It is strawberry season here right now and I have been buying strawberries every week for the last month and a half. I've been eating them on their own, with skyr, dipped in chocolate, mixed in a fruit salad with watermelon and mint, in a peach crisp, and this week, I came across an amazing deal for strawberries. With three 500g cartons of strawberries at home, I decided to make some jam. The recipe I used for this Strawberry Vanilla Bean jam comes from Completely Delicious and it tastes amazing! The vanilla really comes through and although the addition of balsamic vinegar may seem a little strange, it helps offset the sweetness of the jam a little.
Strawberry Vanilla Bean Jam (from Completely Delicious)
Recipe says that this can make 6 cups of jam, but I only got about 4.
2 pounds (900 grams) strawberries, hulled and sliced
1/4 cup fresh lemon juice
1 tbsp balsamic vinegar
2 cups sugar (I used raw sugar)
1 vanilla bean, split lengthwise
Combine all of the ingredients in a large saucepan. Use a large fork or potato masher to break the strawberries into smaller chunks. Bring the mixture to a boil over medium high heat and stir frequently. Reduce heat and simmer mixture until thickened, this will take about 45 minutes to an hour. Skim foam off of the top, remove vanilla bean, and pour into containers for storage.

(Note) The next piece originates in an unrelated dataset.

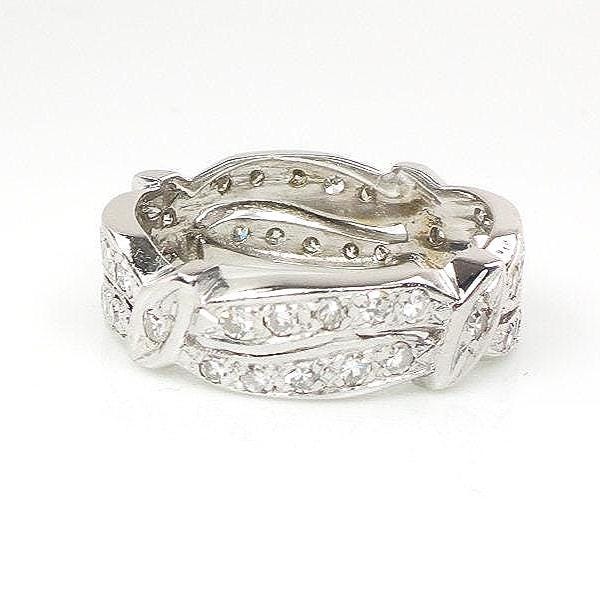 Vintage 14k White Gold Natural Diamond Eternity Ring, Retro Wedding Band Size 7.25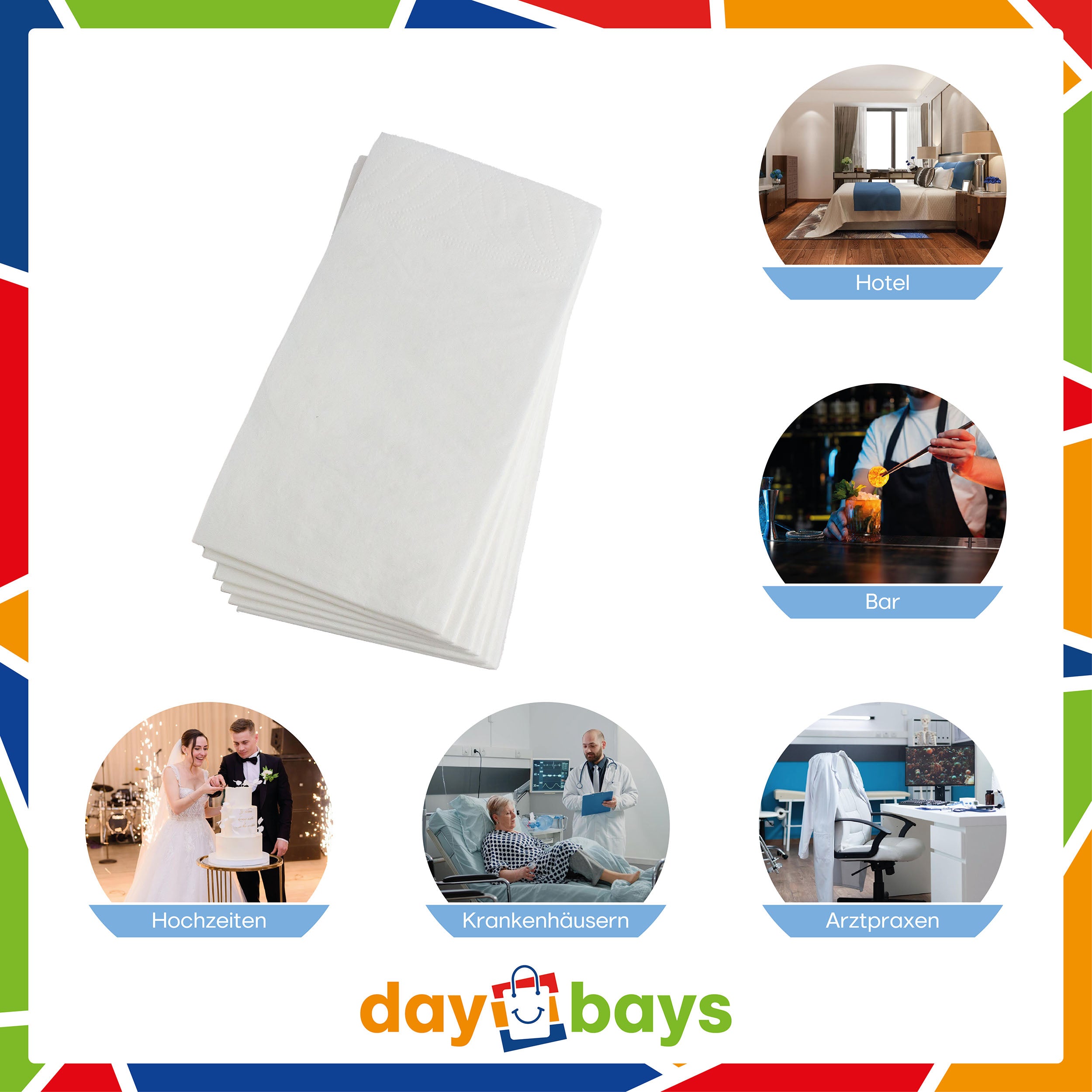 DayBays Servietten Premium 33x33 cm Reine Zellulose 2-lagig 1/8 Falz Weiß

If you are canning the jam, don't forget to sterilize the jars in boiling water for 10 minutes. Canned jam can be stored for up to a year at room temperature, jam stored in the freezer can keep for several months, and jam kept in the fridge will keep for several weeks.
Now that I know how easy it is to make jam, it is hard to go back to the store bought stuff. I am tempted to buy some more strawberries this week to increase our stock but I think I will just enjoy and finish what we have first!